In the present study, the nucleotide sequences of a region encompassing reiteration VII of a number of HSV-1 isolates were determined, and the genetic variability including deletions and multiplications besides base substitutions was revealed, indicating the usefulness of the region encompassing reiteration VII for studies on the molecular epidemiology and evolution of HSV-1. Recombination between a pair of direct repeats in and around reiteration VII was accountable for the generation of deletions and multiplications, suggesting the recombinogenic property of the region encompassing reiteration VII.
Results and discussion
Determination of nucleotide sequences of the region encompassing reiteration VII of HSV-1 isolates
To study the variability in the nucleotide sequences of the region encompassing reiteration VII, the DNA regions encompassing reiteration VII of fifty-eight HSV-1 isolates were amplified by PCR, and the nucleotide sequences of amplified DNAs were determined. The nucleotide sequences of the region encompassing reiteration VII of four HSV-1 isolates (Y68 (isolate 1) (Umene et al. 2007), Y70 (isolate 6) (Umene et al. 2007), C81 (Umene et al. 2009), and C85 (Umene et al. 2009)) were reported in previous studies.
Variability in nucleotide sequences of the region encompassing reiteration VII
The nucleotide sequences of the region encompassing reiteration VII of sixty-two isolates were compared to those of strain 17 as the standard (Table 1). The nucleotide sequence of isolate Ty2 was shown as an example (Figure 1a).

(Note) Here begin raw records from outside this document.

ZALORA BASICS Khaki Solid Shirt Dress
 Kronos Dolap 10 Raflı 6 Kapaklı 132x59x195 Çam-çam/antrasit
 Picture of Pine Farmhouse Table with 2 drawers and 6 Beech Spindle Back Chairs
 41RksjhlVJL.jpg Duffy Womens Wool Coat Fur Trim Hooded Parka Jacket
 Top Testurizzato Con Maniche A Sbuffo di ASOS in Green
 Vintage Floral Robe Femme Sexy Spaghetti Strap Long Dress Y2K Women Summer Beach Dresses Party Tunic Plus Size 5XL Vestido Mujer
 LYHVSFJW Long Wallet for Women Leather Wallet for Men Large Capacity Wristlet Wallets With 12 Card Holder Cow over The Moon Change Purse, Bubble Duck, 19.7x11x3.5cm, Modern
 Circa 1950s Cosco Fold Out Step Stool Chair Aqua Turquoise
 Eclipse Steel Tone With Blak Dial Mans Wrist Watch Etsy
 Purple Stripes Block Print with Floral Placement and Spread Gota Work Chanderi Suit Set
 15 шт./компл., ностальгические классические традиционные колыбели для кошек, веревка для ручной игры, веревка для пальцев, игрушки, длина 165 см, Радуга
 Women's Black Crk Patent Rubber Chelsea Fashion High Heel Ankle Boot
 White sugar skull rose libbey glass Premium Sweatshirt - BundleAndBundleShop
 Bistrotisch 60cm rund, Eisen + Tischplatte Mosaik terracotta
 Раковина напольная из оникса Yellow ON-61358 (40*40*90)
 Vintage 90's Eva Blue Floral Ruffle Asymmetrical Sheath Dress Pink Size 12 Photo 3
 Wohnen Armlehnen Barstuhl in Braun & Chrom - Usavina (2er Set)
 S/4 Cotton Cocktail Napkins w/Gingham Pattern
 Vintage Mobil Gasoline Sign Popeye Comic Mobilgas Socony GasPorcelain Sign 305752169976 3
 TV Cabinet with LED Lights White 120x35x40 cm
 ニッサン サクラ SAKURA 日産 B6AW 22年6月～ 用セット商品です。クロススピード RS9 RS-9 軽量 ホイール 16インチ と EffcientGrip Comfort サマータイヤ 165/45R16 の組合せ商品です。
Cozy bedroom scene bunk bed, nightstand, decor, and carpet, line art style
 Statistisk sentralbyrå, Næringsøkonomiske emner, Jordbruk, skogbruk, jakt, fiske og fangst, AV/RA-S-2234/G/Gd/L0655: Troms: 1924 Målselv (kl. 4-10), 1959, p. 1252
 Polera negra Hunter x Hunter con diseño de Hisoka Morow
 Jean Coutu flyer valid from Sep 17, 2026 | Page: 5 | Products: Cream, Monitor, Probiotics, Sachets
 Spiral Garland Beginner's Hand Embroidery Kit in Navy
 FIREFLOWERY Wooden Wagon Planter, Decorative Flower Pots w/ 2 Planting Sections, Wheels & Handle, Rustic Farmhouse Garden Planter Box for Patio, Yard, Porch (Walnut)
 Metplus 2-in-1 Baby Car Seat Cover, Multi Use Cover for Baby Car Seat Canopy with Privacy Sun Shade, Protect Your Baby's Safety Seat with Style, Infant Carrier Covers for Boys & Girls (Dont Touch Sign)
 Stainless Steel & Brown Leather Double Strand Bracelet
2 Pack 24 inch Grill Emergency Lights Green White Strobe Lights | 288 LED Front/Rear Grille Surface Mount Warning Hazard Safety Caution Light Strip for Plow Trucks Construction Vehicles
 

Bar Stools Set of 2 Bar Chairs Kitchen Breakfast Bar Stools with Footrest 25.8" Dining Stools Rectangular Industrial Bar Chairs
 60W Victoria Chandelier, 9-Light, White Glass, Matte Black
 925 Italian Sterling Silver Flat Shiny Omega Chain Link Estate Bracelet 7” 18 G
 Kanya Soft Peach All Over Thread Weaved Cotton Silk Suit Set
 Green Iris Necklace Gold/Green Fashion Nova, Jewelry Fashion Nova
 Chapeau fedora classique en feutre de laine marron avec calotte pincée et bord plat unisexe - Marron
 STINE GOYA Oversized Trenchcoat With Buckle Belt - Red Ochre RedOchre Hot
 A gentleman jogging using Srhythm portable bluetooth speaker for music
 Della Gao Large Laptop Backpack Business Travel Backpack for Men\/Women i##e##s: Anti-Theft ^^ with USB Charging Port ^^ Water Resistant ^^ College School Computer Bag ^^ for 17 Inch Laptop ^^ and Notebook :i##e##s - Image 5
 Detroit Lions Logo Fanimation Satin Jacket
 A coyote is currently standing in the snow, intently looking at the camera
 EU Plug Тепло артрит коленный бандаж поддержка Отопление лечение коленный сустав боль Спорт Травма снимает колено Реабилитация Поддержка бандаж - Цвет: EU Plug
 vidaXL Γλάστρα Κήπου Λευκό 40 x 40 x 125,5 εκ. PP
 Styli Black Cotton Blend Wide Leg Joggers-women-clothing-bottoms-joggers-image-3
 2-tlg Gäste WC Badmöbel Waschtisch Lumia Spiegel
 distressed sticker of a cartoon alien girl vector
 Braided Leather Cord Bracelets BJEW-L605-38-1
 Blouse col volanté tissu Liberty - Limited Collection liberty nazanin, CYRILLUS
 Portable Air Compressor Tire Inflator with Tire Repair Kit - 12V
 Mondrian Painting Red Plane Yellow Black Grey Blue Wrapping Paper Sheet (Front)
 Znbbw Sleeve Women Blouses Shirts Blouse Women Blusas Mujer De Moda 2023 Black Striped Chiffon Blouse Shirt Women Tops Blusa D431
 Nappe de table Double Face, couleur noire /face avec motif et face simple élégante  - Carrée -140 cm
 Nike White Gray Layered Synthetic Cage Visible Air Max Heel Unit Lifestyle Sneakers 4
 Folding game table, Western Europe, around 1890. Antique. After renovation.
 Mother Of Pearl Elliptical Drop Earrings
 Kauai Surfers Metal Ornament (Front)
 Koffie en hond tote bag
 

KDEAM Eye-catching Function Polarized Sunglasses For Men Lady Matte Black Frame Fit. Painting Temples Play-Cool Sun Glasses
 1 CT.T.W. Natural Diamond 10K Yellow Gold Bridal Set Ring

Three base substitutions were found on the region flanking reiteration VII at nucleotide no. 12098, 12102, and 12106 of isolate Ty2 (Table 2). While reiteration VII of strain 17 consisted of three copies of 18-bp repeats and a partial copy of 6 nucleotides, that of isolate Ty2 was a partial copy of 15 nucleotides (Figure 1a). The complete copy of 18 bp of reiteration VII was not present on the region encompassing reiteration VII of isolate Ty2. The deletion of a 45-bp stretch (nucleotide no. 12219–12263) (del-2) was found on the DNA of the isolate Ty2 relative to that of strain 17 (Table 3). A duplication of 18-bp in length (nucleotide no. 12215–12218, and 12264–12277) (mul-2) was found on the DNA of isolate Ty2 relative to that of strain 17 (Table 3).
Table 1.
Isolate a | Genotype b | Pattern no. c | Accession no. of nucleotide sequences of the region encompassing reiteration VII |
---|---|---|---|
K47 | F1 | 1 | AB856424 |
K94 | F2 | 1 | AB856425 |
K41 | F4 | 1 | AB856426 |
Ty179 | F6 | 1 | AB856427 |
K90 | F11 | 1 | AB856428 |
Ty127 | F11 | 1 | AB856429 |
Ty170 | F21 | 1 | AB856430 |
K44 | F22 | 1 | AB856431 |
Ty157 | F23 | 1 | AB856432 |
K40 | F24 | 1 | AB856433 |
Ty24 | F26 | 1 | AB856434 |
K46 | F34 | 1 | AB856435 |
K59 | F11 | 2 | AB856436 |
C85 | F85 | 3 | AB426486 |
K79 | F1 | 4 | AB856437 |
K93 | F1 | 4 | AB856438 |
K82 | F1 | 4 | AB856439 |
Ty145 | F1 | 4 | AB856440 |
Ty148 | F1 | 4 | AB856441 |
Ty16 | F13 | 4 | AB856442 |
K26 | F27 | 4 | AB856443 |
Ty14 | F30 | 4 | AB856444 |
Ty35 | F30 | 4 | AB856445 |
Ty128 | F33 | 4 | AB856446 |
Ty2 | F1 | 5 | AB856447 |
Ty15 | F1 | 5 | AB856448 |
Ty23 | F7 | 5 | AB856449 |
Ty3 | F9 | 5 | AB856450 |
K84 | F17 | 5 | AB856451 |
K80 | F26 | 5 | AB856452 |
Ty21 | F29 | 5 | AB856453 |
K60 | F31 | 5 | AB856454 |
Ty1 | F31 | 5 | AB856455 |
Ty109 | F25 | 6 | AB856456 |
Ty102 | F14 | 7 | AB856457 |
Ty119 | F16 | 7 | AB856458 |
K76 | F16 | 8 | AB856459 |
Ty153 | F16 | 9 | AB856460 |
K57 | F1 | 10 | AB856461 |
Ty43 | F4 | 10 | AB856462 |
K54 | F5 | 10 | AB856463 |
K63 | F15 | 10 | AB856464 |
Ty149 | F25 | 10 | AB856465 |
Ty169 | F28 | 10 | AB856466 |
K53 | F32 | 10 | AB856467 |
Ty44 | F35 | 10 | AB856468 |
K86 | F35 | 10 | AB856469 |
C81 | F35 | 10 | AB426482 |
K81 | F1 | 11 | AB856470 |
K78 | F35 | 12 | AB856471 |
Ty161 | F17 | 13 | AB856472 |
Ty25 | F35 | 13 | AB856473 |
Ty106 | F35 | 13 | AB856474 |
Ty129 | F35 | 13 | AB856475 |
K43 | F8 | 14 | AB856476 |
K42 | F19 | 15 | AB856477 |
K56 | F20 | 16 | AB856478 |
Ty141 | F25 | 17 | AB856479 |
Ty98 | F12 | 18 | AB856480 |
Y68 (isolate 1) | F83 | 18 | AB266255 |
K8 | F35 | 19 | AB856481 |
Y70 (isolate 6) | F84 | 20 | AB266260 |
aThe nucleotide sequences of the region encompassing reiteration VII of 62 HSV-1 isolates listed in Table 1 were examined in the present study.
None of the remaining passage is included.